The Fourth of July is always quite the thing here.  We live right on the parade route.  Our next door neighbor has his major party of the year on the Fourth, too, complete with Enormous Professional Musician Sound System and lots of people and vodka.  This year, besides the extra fun of the Fire Arts people doing their explosion performance (where? Must you ask, Gentle Reader? WHERE DO YOU THINK THEY DID IT? ) in front of the Driveway From Hell, aka My Driveway,  we also had The Guy In Back deciding to put in his two cents about the decibel level by pointing HIS “sound system” directly at our fence and thus indirectly at Party Central, and cranking it all the way up.  Let me tell you, it was special.  But, once I did enough deep breathing to realize that there was indeed a spot on the driveway where I could stand and just be vibrated through by all the sound, it was really fine and actually a lot of fun. On with hearing loss.  The street is closed for the major part of the day so unless we want to leave at 5 a.m. which we always vow to do and then don’t,  we’re kind of stuck in wall to wall people and cacophony.  The two year old next door decided he didn’t care a fig about the parade either except the brief horse appearance, and spent most of his time pottering around our garden with the Partner, having discovered how to work our water hose and also the joys of watering cans.  He’s already mastered the garage door opener and we spent quite some time watching him open and close the door.  We assumed he was cackling with laughter as usual in these cases: It looked like it, but  since you couldn’t hear yourself think, there was no ability or need to talk.  It was oddly restful.

However, we did see two solar flares.  Split second huge brightness followed by a blast of blistering heat.  Nobody but us seemed to notice.  But I think there WAS something to it, as the day was oddly enervating and I didn’t see a single person without a sunburn, which is somewhat unusual among this sunblock conscious crowd.

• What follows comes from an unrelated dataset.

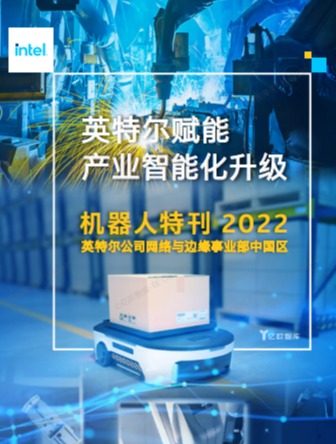 英特尔赋能产业智能化升级-机器人特刊2022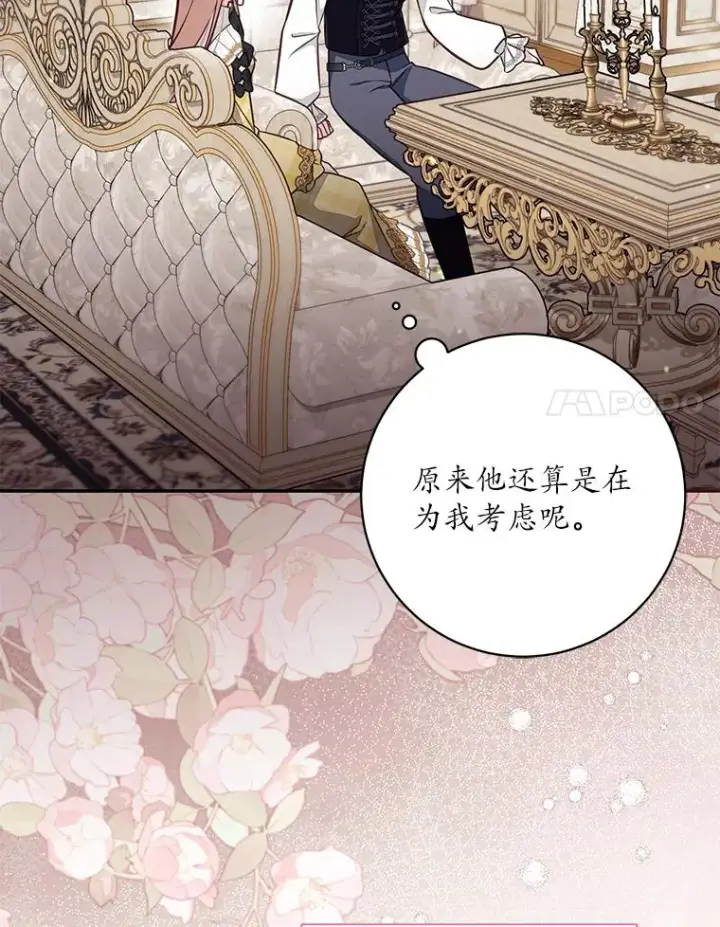 《冒牌皇女的生存之道》68.第68话图51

I made couscous (nice! sweated shallots and bell peppers before adding the water to boil the couscous in) among other things for dinner that night, which…well.  I was quite happy with the unintentionally lovely shape the leftovers took on, unmolded the whole thing onto a plate last night to reheat in the microwave.  And? voila.  It exploded.  So that’s how I know a) there WERE solar flares and b) try as I might to improve myself, nothing has really changed.  Tootles.